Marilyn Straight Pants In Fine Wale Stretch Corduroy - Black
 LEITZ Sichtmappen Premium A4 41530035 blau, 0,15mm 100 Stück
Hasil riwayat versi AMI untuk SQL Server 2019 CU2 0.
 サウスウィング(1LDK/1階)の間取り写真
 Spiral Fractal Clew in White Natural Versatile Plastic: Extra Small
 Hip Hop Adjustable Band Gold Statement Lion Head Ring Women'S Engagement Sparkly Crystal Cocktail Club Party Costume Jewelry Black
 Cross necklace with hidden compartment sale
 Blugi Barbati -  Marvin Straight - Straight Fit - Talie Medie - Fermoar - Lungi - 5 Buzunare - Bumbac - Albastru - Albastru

------------

ACTIVITY: Scan the data above for the word "Black". Copy every line in which it is found.

EXERCISE SOLUTION:
Marilyn Straight Pants In Fine Wale Stretch Corduroy - Black
 Hip Hop Adjustable Band Gold Statement Lion Head Ring Women'S Engagement Sparkly Crystal Cocktail Club Party Costume Jewelry Black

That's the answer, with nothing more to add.